While it’s true that cybercriminals frequently target individuals’ personal information, that’s not their only goal. Sometimes, malicious actors will then take that personal information and use it to gain access to other secure points—potentially affecting other systems beyond the breached organization itself. For instance, a cybercriminal may steal an employee’s login and password, then use those details to access customer databases or even critical infrastructure.
A recent example of this came in 2021 when cybercriminals took down Kronos, the ubiquitous timekeeping software. With the cloud-based system down globally, employees couldn’t clock in or out—time punches were simply inaccessible. Obviously, this proved very disruptive for payroll and time tracking. Yet, the larger takeaway is that even if an employer does everything right, they can still be impacted if a vendor experiences a cybersecurity breach.

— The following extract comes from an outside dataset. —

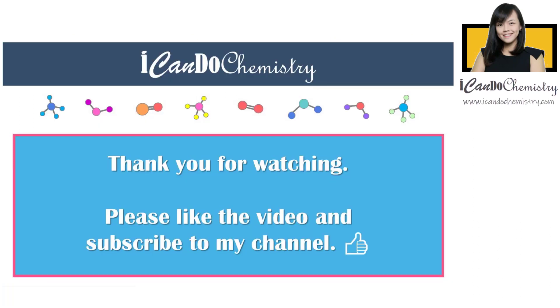If you find this video useful, do like the video and subscribe to the channel. Share the videos with your friends. Have fun learning chemistry and I will see you soon.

That’s why it’s important for HR teams to think about the vendors and systems they rely upon. These may include timekeeping software, case management software or learning management systems. Consider what would happen if any one of those tools stopped working or became inaccessible. How would that impact operations?
Considering these potential scenarios can help HR teams better strategize their responses. For instance, if timekeeping software were to break down, perhaps employees would be required to use an HR-provided paper form to track their time.
Additionally, with the vulnerability of cloud-based systems, HR teams can think about regularly backing up and archiving critical information, including customer details, time-tracking data or transaction receipts. Essentially, if a vendor system breaks down, HR still needs to ensure day-to-day operations can run smoothly.